Die Rolle der G-10-Genehmigung

Mit S. L. diskutierten die Abgeordneten auch über die Rolle, die die Telekom als technischer Dienstleister bei Eikonal gespielt hat. Laut S. L. ging es zunächst darum, Telefonate zu durchforsten. Diese Daten flössen durch spezielle Leitungen, weswegen Informationen über Deutsche unkompliziert auszusortieren und deren Grundrechte einfach zu schützen seien. Insofern sei für eine Ausspähung der Telefondaten keine Erlaubnis der G-10-Kommission des Bundestages nötig gewesen.

Liegt eine solche Genehmigung vor, so ist ein Netzbetreiber verpflichtet, mit dem BND zusammenzuarbeiten. Zur Ausforschung der Telefondaten an dem Frankfurter Kabelknoten musste der BND mangels einer G-10-Genehmigung mit der Telekom anfangs eine Vereinbarung auf freiwilliger Basis treffen. Zunächst hatte der Anbieter laut S. L. Zweifel an der Rechtmäßigkeit dieses Vorgehens, die eine Unbedenklichkeitserklärung des Kanzleramts aber ausgeräumt habe.

Schwierige Trennung von Daten im Internet

Anders als bei Telefonaten ist bei der Internet-Kommunikation eine Trennung von „ausländischen“ und „deutschen“ Daten schwierig, sodass Bundesbürger von einer Ausspähung in höherem Maße betroffen sind.

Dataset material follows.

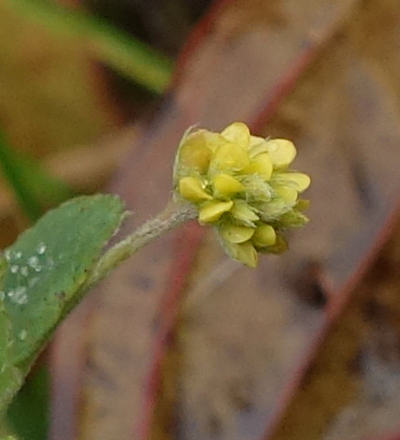 medicago lupulina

Deshalb holte sich der BND für Eikonal bei der G-10-Kommission eine entsprechende Genehmigung ein, die dann die Telekom zur Kooperation mit dem BND zwang.

Die Opposition hegt nun den Verdacht, der BND habe getrickst. Man habe den Eindruck erweckt, an der Gewinnung von Daten über Deutsche, in der Fachsprache G-10-Daten genannt, interessiert zu sein - deren Nutzung die G-10-Kommission im Fall einer Genehmigung zwar gestattet, aber auch beschränkt. In Wahrheit habe der BND über diesen Umweg freilich an die Kommunikation von Ausländern herankommen wollen, um sie gemeinsam mit der NSA auszuwerten. S. L. sagte, man habe gegenüber dem Netzbetreiber erklärt, G-10-Daten heraussuchen zu wollen. Den damit verbundenen Zugriff auf Informationen über Ausländer nannte er einen „Gewinn“ für Eikonal.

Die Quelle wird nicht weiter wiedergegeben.